İslam felsefecisi olan üniversitenin rektörü Atilla Arkan da tartışmalar sonrası attığı tweetle olaya tepki gösteren öğrencileri tebrik etti ve Halil Berktay’a destek verdi:

“Yaşanan üzücü hadiselerin ardından siz öğrencilerimizin Prof. Dr. Halil Berktay Hocamıza karşı bu vefalı ve değer bilir duruşunu çok kıymetli buluyorum. Üniversite yönetimi olarak konuyu ilk andan itibaren, her yönüyle yakından takip ediyoruz.

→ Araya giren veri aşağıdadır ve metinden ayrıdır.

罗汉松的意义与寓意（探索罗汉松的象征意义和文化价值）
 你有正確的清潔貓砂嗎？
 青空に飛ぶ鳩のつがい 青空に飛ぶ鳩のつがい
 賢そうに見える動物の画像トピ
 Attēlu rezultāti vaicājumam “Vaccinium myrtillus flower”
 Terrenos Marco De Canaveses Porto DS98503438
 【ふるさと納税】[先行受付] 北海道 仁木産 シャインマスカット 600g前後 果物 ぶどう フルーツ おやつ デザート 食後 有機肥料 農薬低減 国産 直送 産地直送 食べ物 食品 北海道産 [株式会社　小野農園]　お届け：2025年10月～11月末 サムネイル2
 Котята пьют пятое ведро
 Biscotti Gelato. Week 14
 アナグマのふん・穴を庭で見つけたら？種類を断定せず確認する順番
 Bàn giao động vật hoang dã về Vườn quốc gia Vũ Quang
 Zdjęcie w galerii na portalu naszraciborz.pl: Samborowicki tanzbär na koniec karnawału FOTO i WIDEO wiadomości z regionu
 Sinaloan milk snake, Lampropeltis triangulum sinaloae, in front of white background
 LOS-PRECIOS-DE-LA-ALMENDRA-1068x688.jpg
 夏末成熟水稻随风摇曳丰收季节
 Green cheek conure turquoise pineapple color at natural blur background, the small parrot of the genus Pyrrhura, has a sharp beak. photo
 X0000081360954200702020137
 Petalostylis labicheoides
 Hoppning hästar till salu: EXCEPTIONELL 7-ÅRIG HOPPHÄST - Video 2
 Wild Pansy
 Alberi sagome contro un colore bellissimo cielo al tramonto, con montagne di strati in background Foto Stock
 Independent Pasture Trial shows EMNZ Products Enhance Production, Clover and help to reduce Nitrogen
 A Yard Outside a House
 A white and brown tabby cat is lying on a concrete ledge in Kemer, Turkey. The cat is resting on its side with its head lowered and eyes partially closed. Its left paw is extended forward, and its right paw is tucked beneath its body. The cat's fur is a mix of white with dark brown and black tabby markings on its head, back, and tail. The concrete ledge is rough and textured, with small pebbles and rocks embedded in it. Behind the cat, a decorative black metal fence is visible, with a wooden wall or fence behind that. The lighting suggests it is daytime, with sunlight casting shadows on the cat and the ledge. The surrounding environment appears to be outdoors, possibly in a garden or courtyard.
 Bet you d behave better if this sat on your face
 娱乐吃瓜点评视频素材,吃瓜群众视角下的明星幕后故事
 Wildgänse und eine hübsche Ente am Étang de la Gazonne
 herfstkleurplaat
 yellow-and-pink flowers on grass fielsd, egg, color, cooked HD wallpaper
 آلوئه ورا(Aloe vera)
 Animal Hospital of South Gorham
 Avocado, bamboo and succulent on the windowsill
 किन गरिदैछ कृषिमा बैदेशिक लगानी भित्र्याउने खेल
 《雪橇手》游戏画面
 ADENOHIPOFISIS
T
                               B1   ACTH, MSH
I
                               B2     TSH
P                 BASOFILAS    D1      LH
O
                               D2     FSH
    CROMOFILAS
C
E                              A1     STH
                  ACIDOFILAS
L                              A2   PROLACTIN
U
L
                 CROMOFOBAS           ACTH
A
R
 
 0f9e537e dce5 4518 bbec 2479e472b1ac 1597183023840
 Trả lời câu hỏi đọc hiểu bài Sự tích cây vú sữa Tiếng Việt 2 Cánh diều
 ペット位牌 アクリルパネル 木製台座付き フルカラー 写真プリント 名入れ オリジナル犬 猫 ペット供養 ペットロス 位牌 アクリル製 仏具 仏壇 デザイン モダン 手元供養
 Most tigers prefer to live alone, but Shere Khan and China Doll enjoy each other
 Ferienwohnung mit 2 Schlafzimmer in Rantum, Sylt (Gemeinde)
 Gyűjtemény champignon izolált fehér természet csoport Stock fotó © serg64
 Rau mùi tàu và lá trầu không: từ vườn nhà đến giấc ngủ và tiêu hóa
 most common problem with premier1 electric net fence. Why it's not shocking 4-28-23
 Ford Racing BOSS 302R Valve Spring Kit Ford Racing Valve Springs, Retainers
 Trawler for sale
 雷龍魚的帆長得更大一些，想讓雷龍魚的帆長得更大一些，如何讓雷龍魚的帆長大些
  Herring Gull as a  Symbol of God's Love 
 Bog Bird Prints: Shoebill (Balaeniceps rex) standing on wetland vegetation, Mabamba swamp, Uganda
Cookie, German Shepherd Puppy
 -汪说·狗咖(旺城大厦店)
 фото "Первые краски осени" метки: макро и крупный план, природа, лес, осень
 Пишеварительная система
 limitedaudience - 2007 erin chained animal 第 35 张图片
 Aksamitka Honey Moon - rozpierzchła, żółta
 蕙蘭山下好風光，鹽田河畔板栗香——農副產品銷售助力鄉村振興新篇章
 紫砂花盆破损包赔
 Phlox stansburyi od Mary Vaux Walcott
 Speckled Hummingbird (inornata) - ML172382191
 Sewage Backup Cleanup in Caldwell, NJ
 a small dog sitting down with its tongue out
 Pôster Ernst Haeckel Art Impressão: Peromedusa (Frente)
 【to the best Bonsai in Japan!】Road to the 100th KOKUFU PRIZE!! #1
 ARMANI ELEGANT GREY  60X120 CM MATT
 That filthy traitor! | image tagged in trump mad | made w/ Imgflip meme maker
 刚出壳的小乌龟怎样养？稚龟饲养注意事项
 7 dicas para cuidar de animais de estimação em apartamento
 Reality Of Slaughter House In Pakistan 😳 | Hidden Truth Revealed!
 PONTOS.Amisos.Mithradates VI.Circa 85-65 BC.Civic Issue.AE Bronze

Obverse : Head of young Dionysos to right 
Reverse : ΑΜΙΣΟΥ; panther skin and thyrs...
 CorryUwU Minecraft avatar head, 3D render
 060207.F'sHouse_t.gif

Gerekli reaksiyonların alınacağından ve tüm süreçleri hakkaniyetle işleteceğimizden şüpheniz olmasın. Şimdi sizlerden istirhamım sınav haftasında derslerinize odaklanmanız ve bu süreci başarıyla atlatmanız.”

Peki kampüste bunlar olurken, dışarıdan bu olaya gösterilen tepkiler nasıl oldu?

Geniş bir grup, tam da bir üniversiteden yapması beklenen, dünyanın kültürel mirasını öğrencilere aktarmak gibi temel bir entelektüel faaliyete tepkiyi, haklı olarak eleştirdi.

Bazıları, mesajdaki “İmam Hatip Nesli” gibi ifadeler üzerinden bu üniversiteyi kuran, bu müfredatı oluşturan, şimdi de yöneten insanların çoğunun da İmam Hatipli olduğunu görmezden gelerek, Müslümanlar ve İslamcılarla ilgili yine klasik cümlelerini kurmak için olayı vesile yaptı.

Tabii yine kalabalık bir grup da her an tetikte bekledikleri, “Yetmez Ama Evet dediniz, böyle oldu”lar; “İslamcıları şımarttınız bak şimdi sizin başınıza bela oldu”lar; “Oh olsun”lar silahlarına sarıldı…

Türgev’in açtığı, başında yönetici olarak Cumhurbaşkanı’nın oğlunun olduğu, adı İbn Haldun olan bir üniversitede, bütün öğrencilere okula adım atar atmaz yıllardır verilen sanat tarihi dersinde Michelangelo, Rönesans, Barok anlatılmasını, bu dersi yıllardır Halil Berktay’ın vermesini, öğrencilerin, hocaların, Rektörün bu olayda Halil Berktay’a desteğini bir çırpıda görmezden gelip, bir tek öğrencinin vandalizminden kendi önyargılarını doğrulama heyecanına kapılanların, Türkiye’deki değişimi anlaması da çok zor.

Çünkü zaten amaç anlamak değil.

Amaç; içinde bir sürü farklılığın olduğu koca bir insan kitlesini tarihin bir noktasında donmuş, hatta varoluşsal olarak kötü kabul etmeye devam etmek, bunu yaparken de kutuplaşmanın dışına çıkıp diyaloğu sürdüren, elini taşın altına koyan, değişime inanan, bu riski alan insanları da lanetlemek, bu diyaloğu saflık olarak damgalamak, kutuplaşmadan itibar kazanmaya devam etmek.

İbn Haldun ile Michalengelo’nun Başakşehir’deki buluşmasını kaçıranlar sahiden çok şanssız.